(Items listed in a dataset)
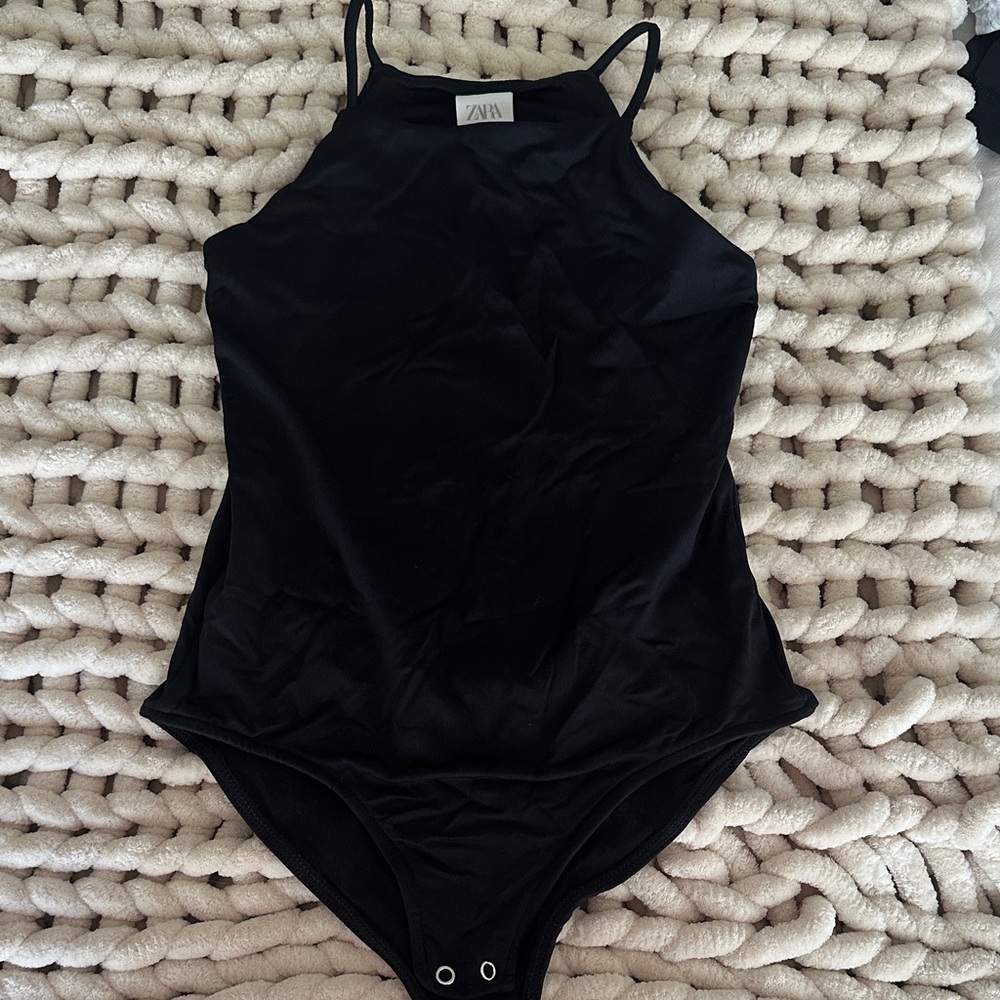 Zara Elegant Black Sleeveless Kids  Bodysuit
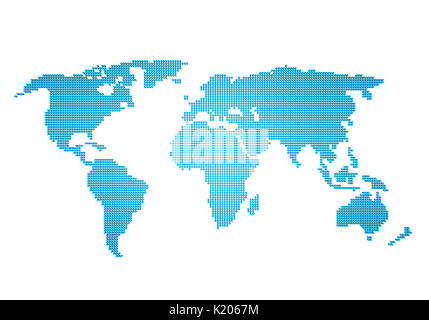 Carte du monde Pixel pointillé Isolated Banque D'Images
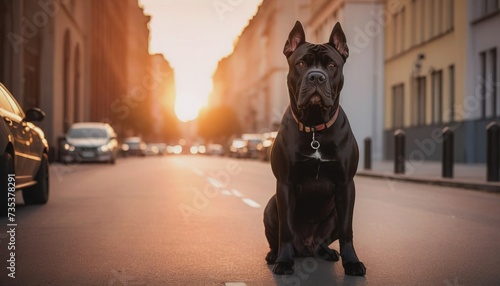 Cane corso, dog at dawn, purebred dog in nature, happy dog, beautiful dog photo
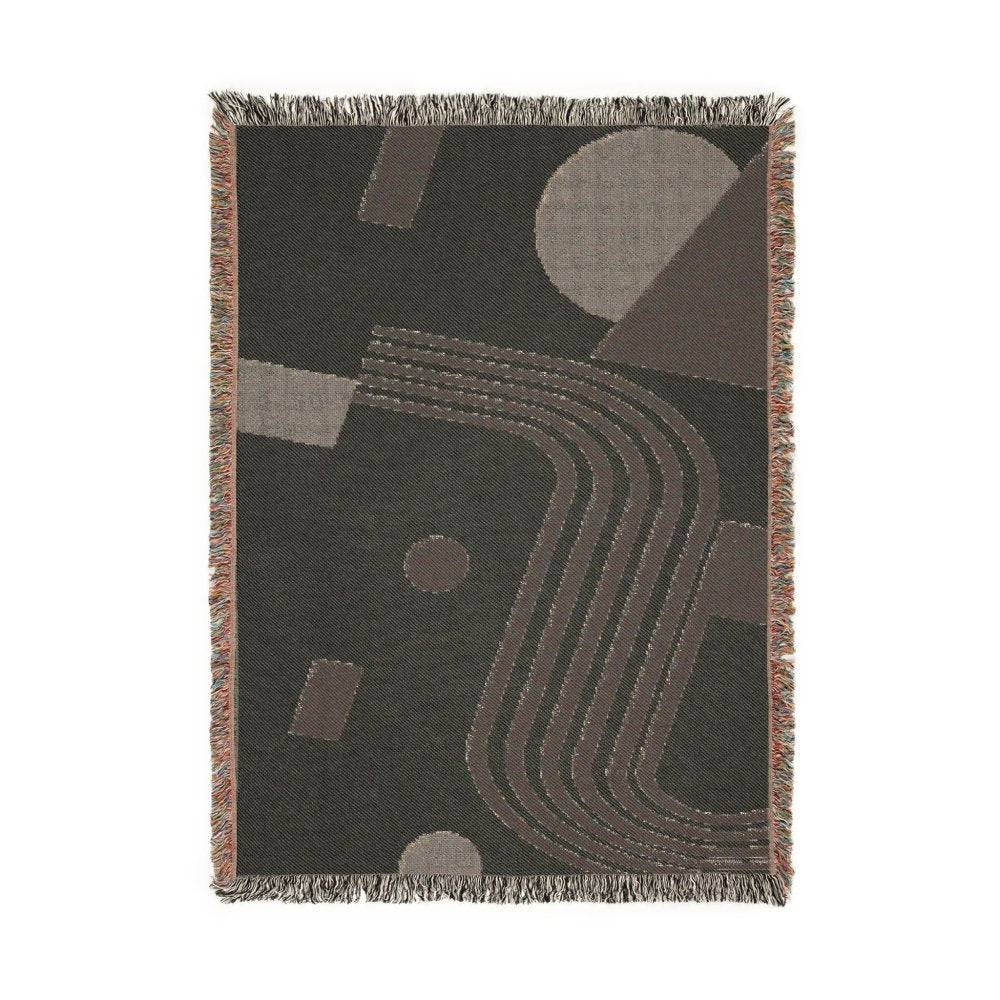 Home Decor {{variant_option}} - Monochrome Bauhaus Curve Throw Blanket – Modern Black & Gray Geometric Woven Décor for Sofa and Bed woven throw blanket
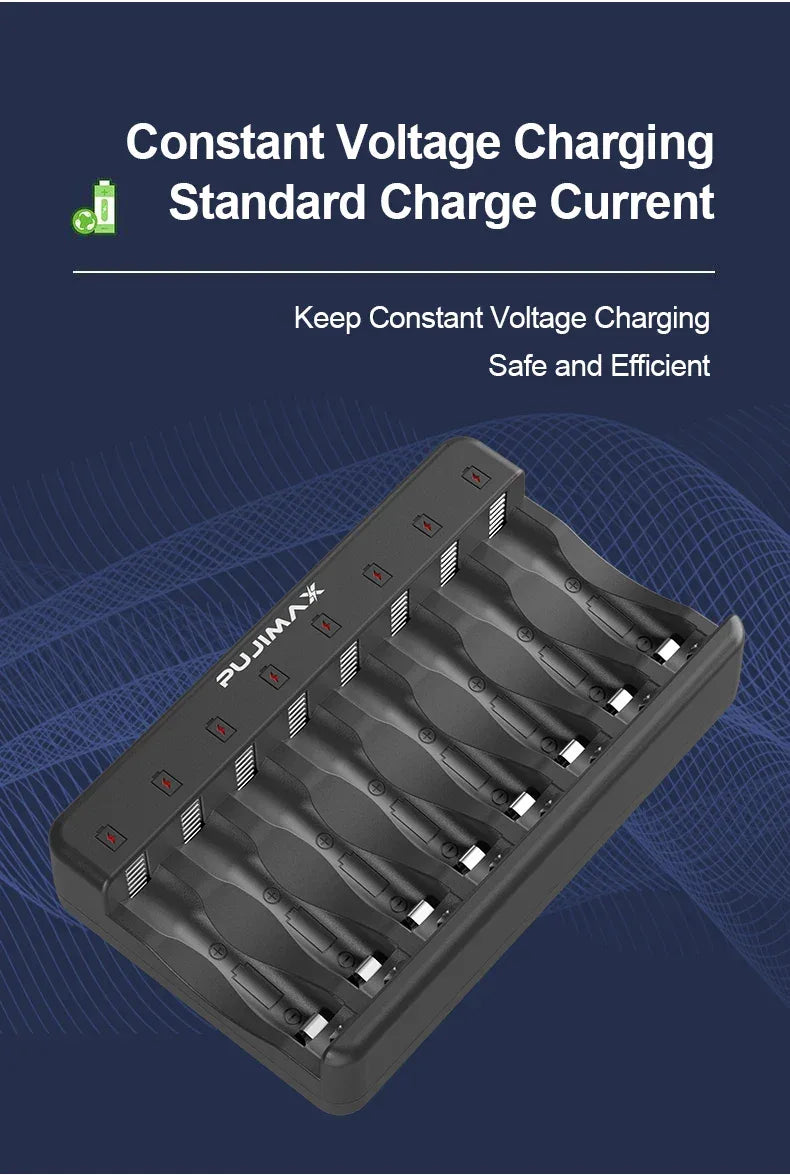 PUJIMAX 8-Slots 1.2V LCD Display Smart Battery Charger For AA/AAA NiMh NiCd  Rechargeable Batteries aa aaa Batteries Charger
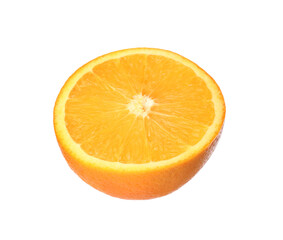 Half of fresh ripe orange isolated on white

■ **Assignment**:
Set down every entry above exactly as written, but skip the pictures.

■ **Answer box**:
 Zara Elegant Black Sleeveless Kids  Bodysuit
 Carte du monde Pixel pointillé Isolated Banque D'Images
 Cane corso, dog at dawn, purebred dog in nature, happy dog, beautiful dog photo
 Home Decor {{variant_option}} - Monochrome Bauhaus Curve Throw Blanket – Modern Black & Gray Geometric Woven Décor for Sofa and Bed woven throw blanket
 PUJIMAX 8-Slots 1.2V LCD Display Smart Battery Charger For AA/AAA NiMh NiCd  Rechargeable Batteries aa aaa Batteries Charger
 Half of fresh ripe orange isolated on white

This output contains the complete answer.